What We Can Learn from Thi’sl Being Added to Rotation on Sway in the Morning
A couple of days ago, Thi’sl posted on Instagram that one of his new songs, “Lord Help Me”, had beat out a Mac Miller song (“Break The Law”) feat. Juicy J. on Sway In The Morning’s The A&R Room. To put it short, “Lord Help Me” will be added to rotation on Sway’s show.
This is huge, when you consider the size of and influence of Sway’s platform on Shade45 on Sirius/ XM Radio. And honestly, it couldn’t have happened to a better guy. As many of you know, Thi’sl is very active in his local community and in his church. Plus he has been putting out great music for a long time. It’s dope to see that new people are about to hear his music and get impacted by his message.
A question I love to ask is when something happens is, why? The answer can often help you prevent something bad from happening again, or give you the ability to re-create something good that just happened. I think the answer to why is Thi’sl’s song “Lord Help Me” connecting with Sway’s audience, as an important one to be considered. Understanding the why could serve as a blueprint.
Thi’sl has three unique characteristics as an artist that separate him from most other artists. One, his story is amazing. He really sold dope. He really did some criminal behavior. He has a real police record. Yet Jesus saved Him. Most rappers that rap about selling dope didn’t really do it. Or if they did, they didn’t do it at the level the claim they did.
Secondly, as an artist, Thi’sl has a unique ability to convey emotion. On his magnum opus, “I Hate You”, Thi’sl not only expressed his hate for crack and its effect on the community, but he also made the listener hate it too! It’s one thing for someone to express their feelings. It’s another for someone to express their feelings, yet state their case in such a way that you now adopt their same feelings. That’s powerful. That’s Thi’sl though.
Finally, Thi’sl has a unique perspective. No one in mainstream music has Thi’sl’s background and current perspective. The ex-drug dealer who loves Jesus. It’s a perspective that even if you aren’t a Christian, you can respect because Thi’sl has turned his life around and is now doing something positive.
Thi’sl’s song “Lord Help Me” definitely has all three of the traits. His constant references to “we” in the song let’s you know he is not just reporting on a story, but is telling one he lives. The emotion of him desiring to pray for the situation makes the listener want to pray too. And of course the song emphatically states that Christ is the answer to all of these issues going on in Thi’sl’s neighborhood.
I believe that the third trait is one that every Christian rapper has. Every Christian rapper may not have the same background as Thi’sl, but God has saved us all from something. And whatever that something is mixed with our present hope in Jesus, makes our perspectives unique.
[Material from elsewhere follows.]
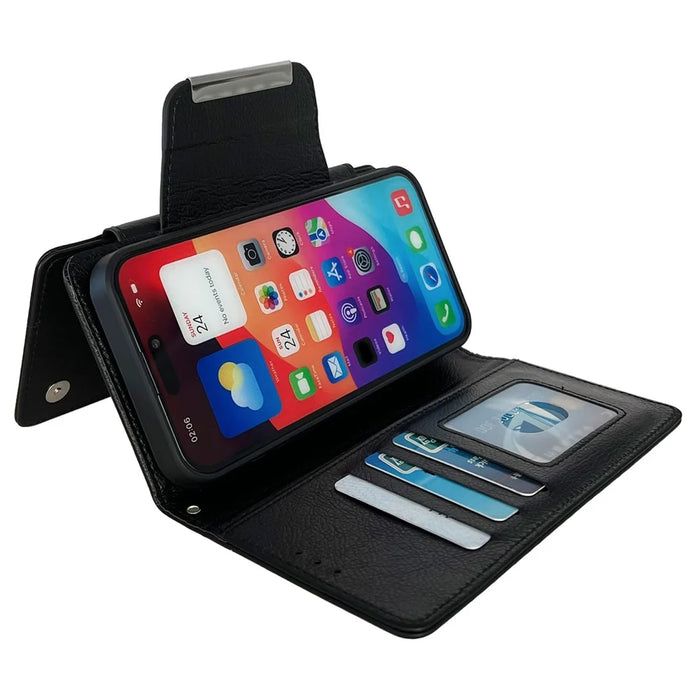 For iPhone 16 Plus Case Detachable 2-in-1 Magnetic Closure PU Leather Wallet Phone Case - Black - 5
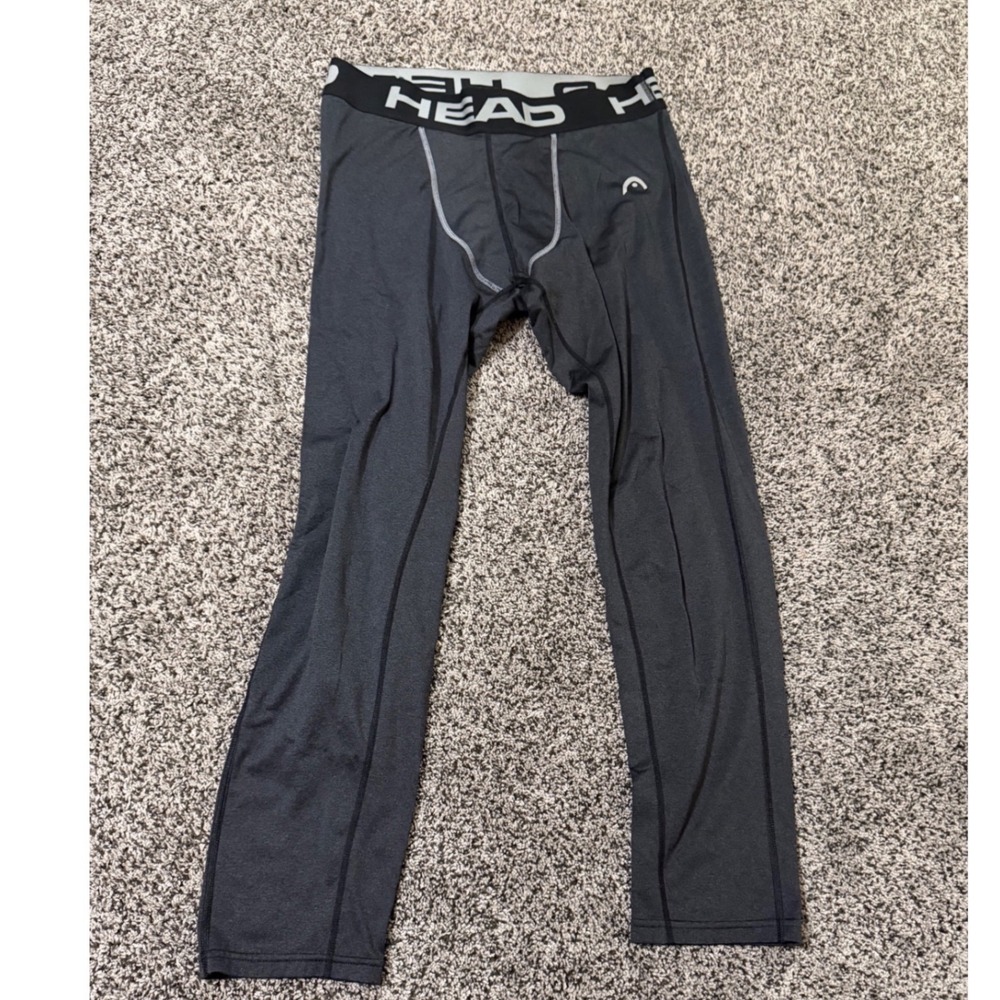 HEAD Compression Pants Mens Large Black Base Layer‎ Athletic Gym Running Tights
It’s why we can address any topic, yet always point back to the ultimate solution over the course of a song, album or project. This perspective is one that can’t be easily duplicated by another artist, yet I believe can be relatable to many hip hop fans depending on how it’s presented.
This is a great time to be a Christian who loves or does hip hop. Whether you like or create theological rhymes or you like or create more artsy music, more and more people are taking note. A lot of publications are writing articles and even posting interviews with Christian rappers outside of just Lecrae and Andy Mineo. This is a good thing. Our message is getting out there. As the opportunities continue to grow outside of the CHH bubble, I hope we all keep in mind what makes us unique and why God has us there. People’s lives truly change, when they hear the gospel.